The advent devotional I planned to read this year showed up late. And yet, somehow, right on time. That sentence should have a familiar ring to it this time of year. The long waiting, the silence, the perfect arrival. I don’t want to miss any of the small ways to see and remember this year, friend.
So I cracked open the late, but perfectly timed, devotion this morning and read these words.
Jesus knew he had come not just to preach the gospel of sacrifice, but also to be that sacrifice, yet he was perfectly willing.
And this is one reason I chose a Paul Tripp devotional this year. His simple sentences are stunningly convicting.
I let the words settle. Preach sacrifice. Be sacrifice. Perfectly willing.
Often times I take in the gospel story in bits and pieces. Maybe it’s the magnitude of it all – a virgin birth, the Son of God in humble human skin, angels, shepherds, wise men, years of humanity, growing, temptation, miracles, leading, teaching, betrayal, heartbreak, tears of blood, death and life. It’s just so much to wrap my finite brain around.
And then the devotion reminds me, in it all, through it all, He was perfectly willing. My mind stops shorts here, like an error code on a calculator. I simply cannot compute.
I’ve done a few hard things in my life, I think. I’ve nibbled the edges of sacrifice. Comparatively, I probably rank low, but I know better than to play those comparison games. If I sift through what I know, what I’ve seen, I can form a low level understanding of sacrifice.
But that perfectly willing part makes me incredibly uncomfortable.
I wash clothes and pick up messes, mostly willing, most of the time.
Every day I cook meals and make my bed, willing much of the time.
I teach and I learn and I try new things with varying degrees of willingness, more so when it benefits me.
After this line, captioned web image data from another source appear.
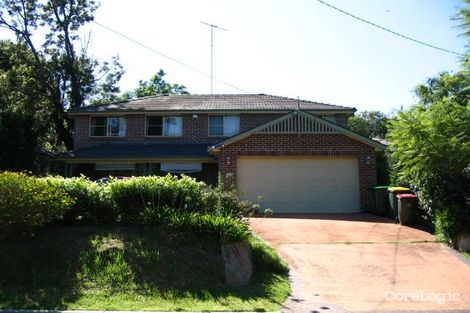 Property photo of 8 Knox Place Normanhurst NSW 2076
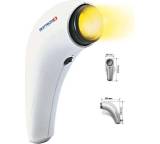 Lichttherapiegerät im Test: Compact III von Bioptron, Testberichte.de-Note: ohne Endnote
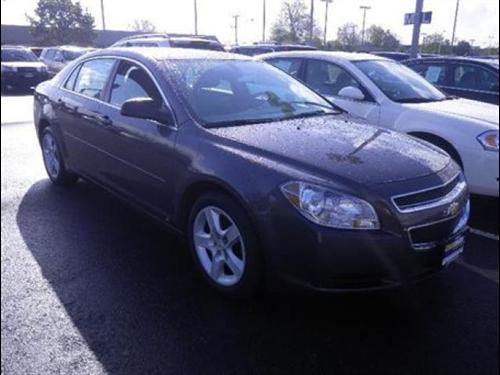 Chevrolet Malibu XLS XLT Premium Other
But to swim in an ocean of sacrifice, sacrifice that is the most humbling, the most painful, the most lonely and to be perfectly willing is something I have never even come close to knowing.
Maximizing vs. Minimalism
This time of year I weigh maximizing and minimalism carefully. I’m a girl who likes to do all the things. Left to my own devices I can run life ragged, empty. Maturity (and a wise husband) has helped me steer that fervor a little more wisely over the years, but sometimes I still become this pendulum that swings heavy one direction or the other.
Plus minimalism is trendy now, right?
Okay, let’s not do all the things. Not go all the places. Less is more. I can do this!
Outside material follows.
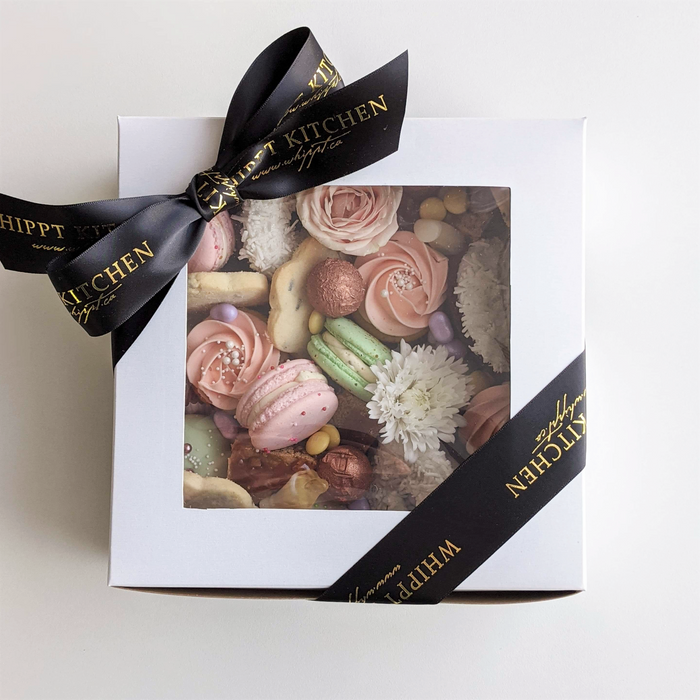 Mother's Day Dessert Graze Box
But in seeking balance, in finding a good fit for our families – it’s also easy to lose sight of the bigger picture. When we drink in the story in bits and pieces, the fragments don’t always resound of the greater truth. Paul Tripp puts it this way:
We have tended to reduce the active field of our concern down to the tiny confines of our wants, our needs, our plans, our satisfaction, and our happiness. (Come Let Us Adore Him)
Ouch.
What if we don’t need to join either camp, maximizing or minimizing? What if our pursuit of such too often makes everything all about…us? We strategize and maneuver for picture perfect outcomes and yet the real work has already been done. With perfectly willingness, done.
In this season, this year, this life, we live to bring glory to God – with our schedules and our homes, in our relationships and at our Christmas parties, with our decor and our meals and gifting and receiving it all. These aren’t bits and pieces, this is all of it. Our mission plain and simple is to glorify Him. Honor Him.
The challenge is not to minimize or maximize any of it. But rather to see Him here, to follow Him here, to honor Him here, to obey Him here.
Rather than looking for a camp to join, let’s look to a God to follow. Let’s look to a God who put skin on, who gets real work and real relationship and the nuances and challenges of all of it.
What if we stepped away from the distraction of less and more, a tug-o-war than grounds our eyes, and instead used that energy to lift our chins and focus on the only One who has ever been perfectly willing to meet us and lead us, right where we are?
God, help me see you here. Help me stand in awe of the work you have done, be captivated by your perfect willingness here. You entered a broken world and continue to enter broken hearts like mine. Fill the spaces, Jesus. All the peace and order I seek, let it be You.
Giving me a heart that is willing, not for all that I see, but for what You see. Make me willing to obey, willing to love, willing to engage and serve and be vulnerable that You may be glorified. Thank you for your perfect willingness, a willingness that I can’t even fathom but one that makes me want to know you even more. I am so grateful. In Jesus name, Amen.